The Arkansas Traveler Finally Notices Fratire

The Arkansas Traveler Online Edition website, from the University of Arkansas’s school newspaper, finally notices the trend of fratire. More than 16 months after Warren St. John from The New York Times coined the phrase. The odd thing about the Arkansas article isn’t so much the lateness of their notice. But instead it’s the similarities that caught my attention. Repackaging anyone?

On April 16, 2006, The New York Times published St. John’s article entitled “Dude, Here’s My Book.” Now, more than a year later, the Arkansas publication posted an article by Adam O’Hern entitled “Dude, Where’s My Book?”

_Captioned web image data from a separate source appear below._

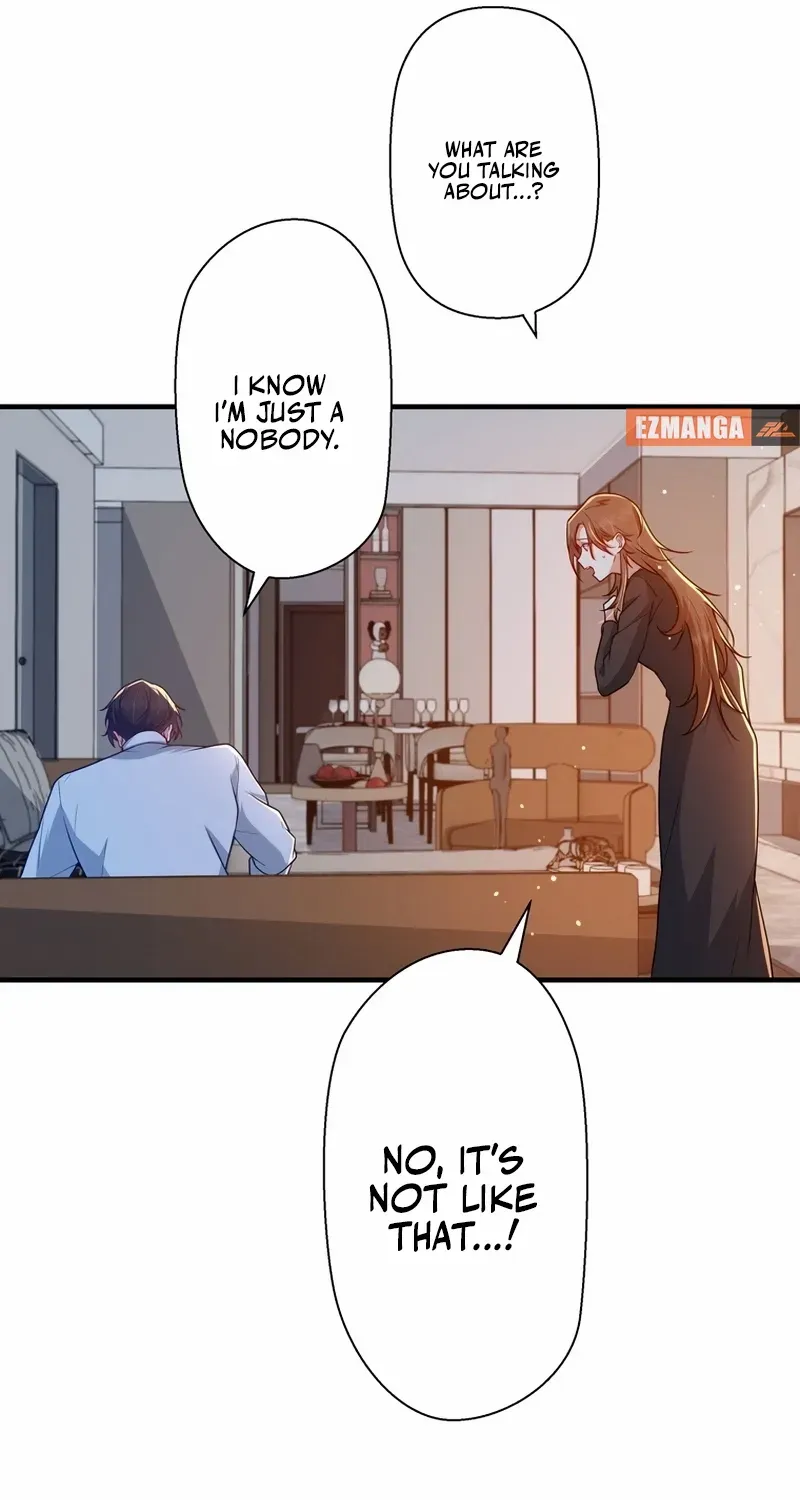 I Became a Divorce Lawyer for My First Love Chapter 28 page 45 - 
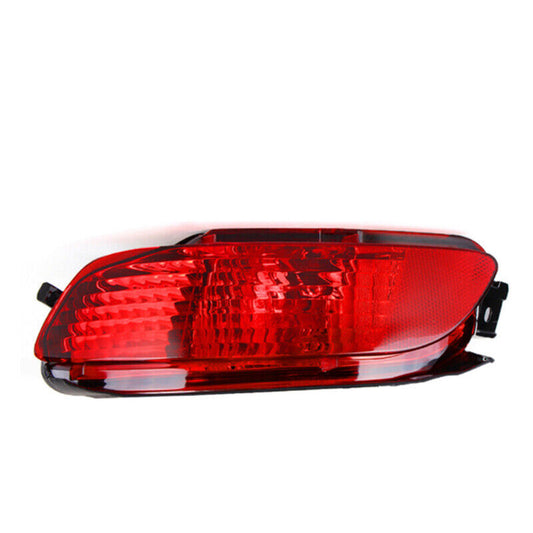 Dual rear bumper taillights/signal lights suitable for Lexus RX300/330/350 2003-2008. Q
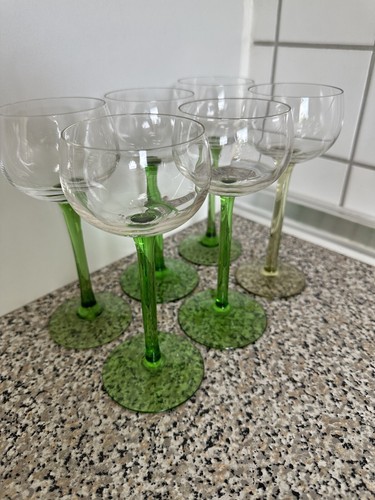 Set weingläser römer - set,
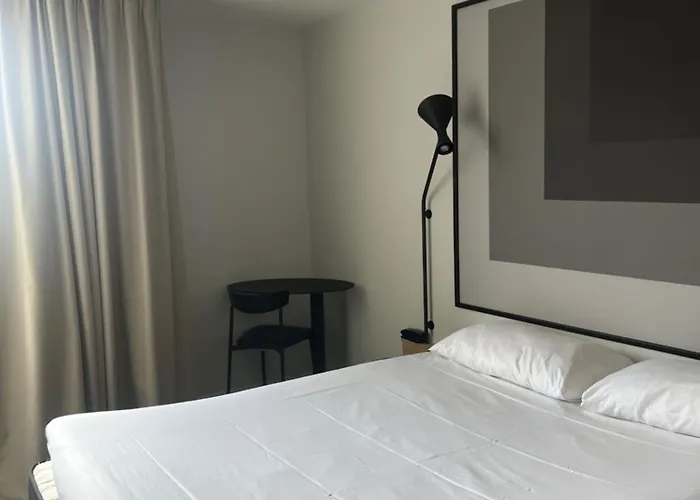 Hotel Ibis - Restaurant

St. John points out Tucker Max, Maddox, and Neil Strauss as representative of the genre. O’Hern writes the “genre is highlighted by names such as Tucker Max… Maddox… and Neil Strauss.”

St. John called Max a “boozer, lothario and admitted Class A jerk” a year ago. O’Hern described him as “a lothario who writes about getting drunk” earlier this week.

St. John wrote, “Mr. Max said that despite receiving approximatly 60,000 visitors daily at TuckerMax.com, he got ‘zero interest’ when he initially pitched his book.” O’Hern writes about Max that, “Despite having more than 60,000 hits to his Web site each day, he received no interest when he first pitched his book deal, he said.”

In St. John’s article a year ago, he reveals that Maddox’s real name is George Ouzomanian. And he writes, “‘I’m saying things people think about but don’t say,’ Mr. Ouzomanian said.” In the Arkansas Traveler article, there is the following passage: “‘I’m saying things that people think but don’t say,” said Maddox, whose real name is George Ouzomanian.”

The Arkansas Traveler article quotes heavily from a Tucker Max piece on Huffington Post so you can refer there for more of Max’s opinions and see how they were woven into the newspaper article.